### YOUR TASK:
From the line containing "Fiori di olio" to the last line of the listing, both included, copy every line exactly and drop the pictures.

### INPUT DATA:
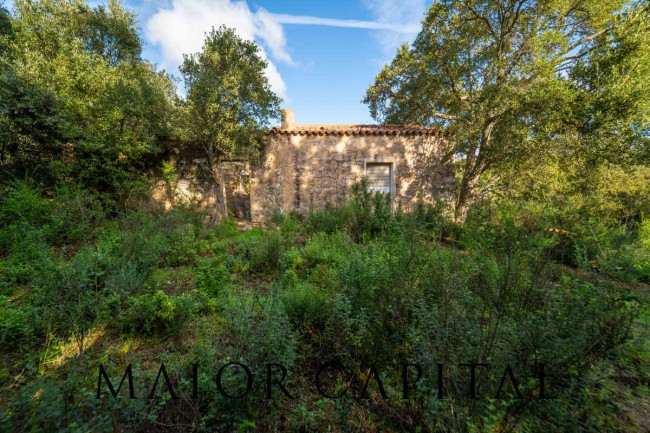 Terreno agricolo in vendita a Calangianus (SS)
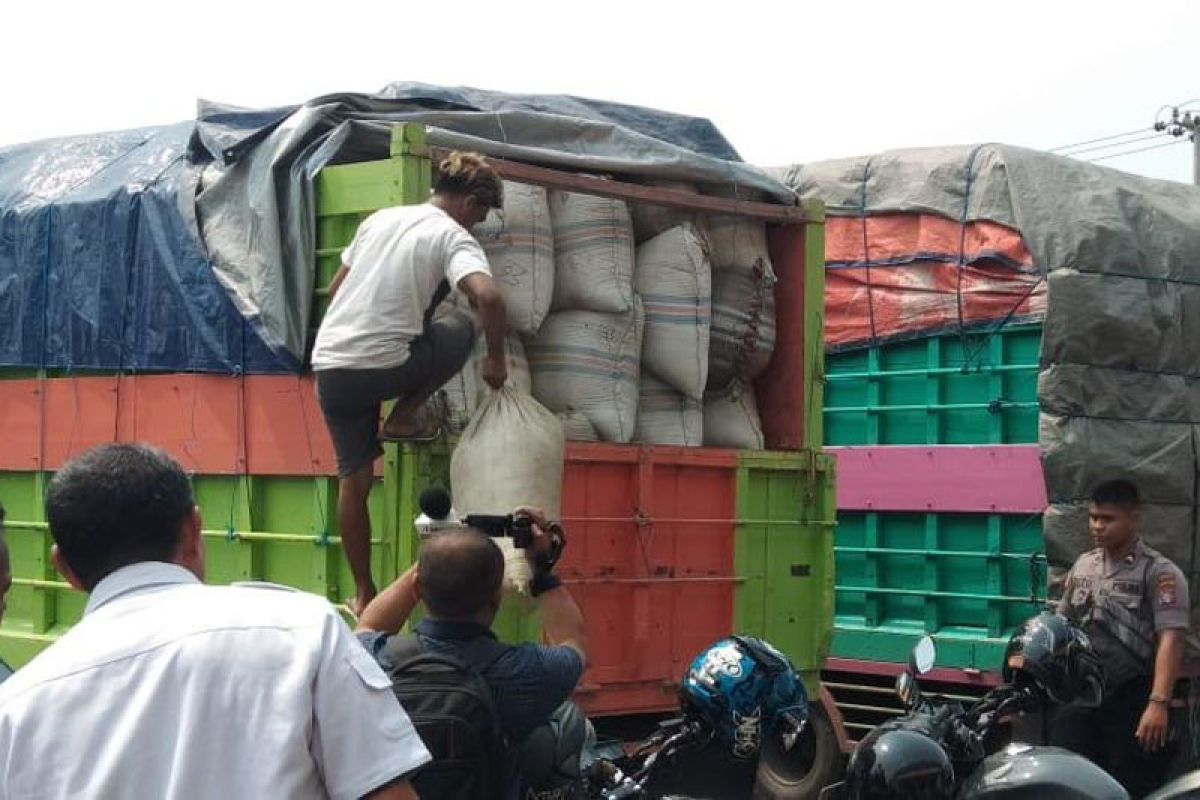 Pengusaha daun kratom Kalbar perlu solusi agar penjualan lancar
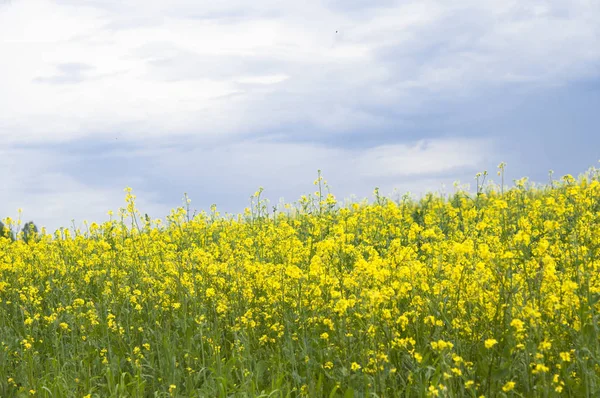 Fiori di olio nel campo di colza con cielo blu e nuvole — Foto Stock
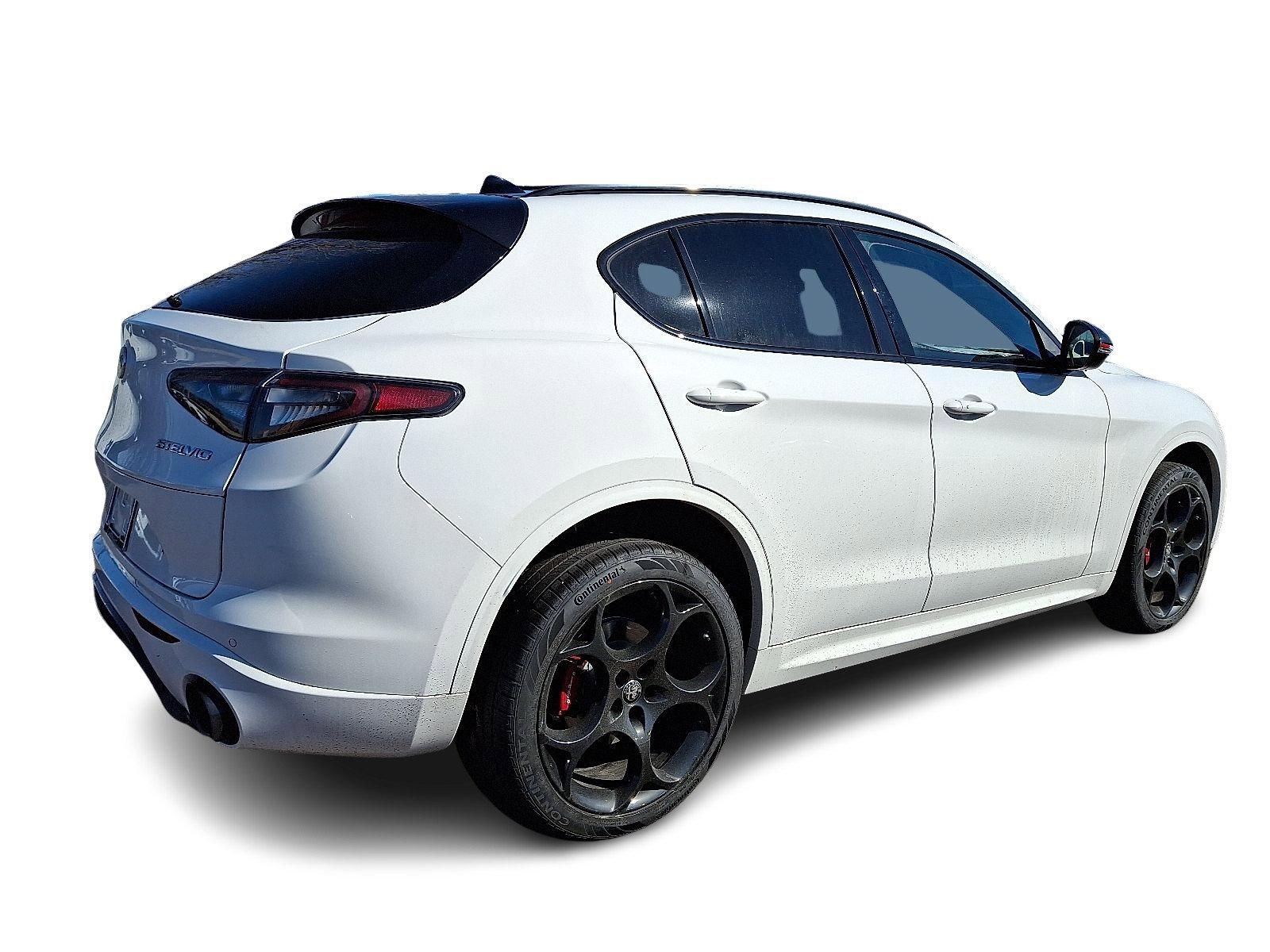 2025 Alfa Romeo Stelvio Vehicle Photo in Willow Grove, PA 19090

### RESPONSE BOX:
 Fiori di olio nel campo di colza con cielo blu e nuvole — Foto Stock
 2025 Alfa Romeo Stelvio Vehicle Photo in Willow Grove, PA 19090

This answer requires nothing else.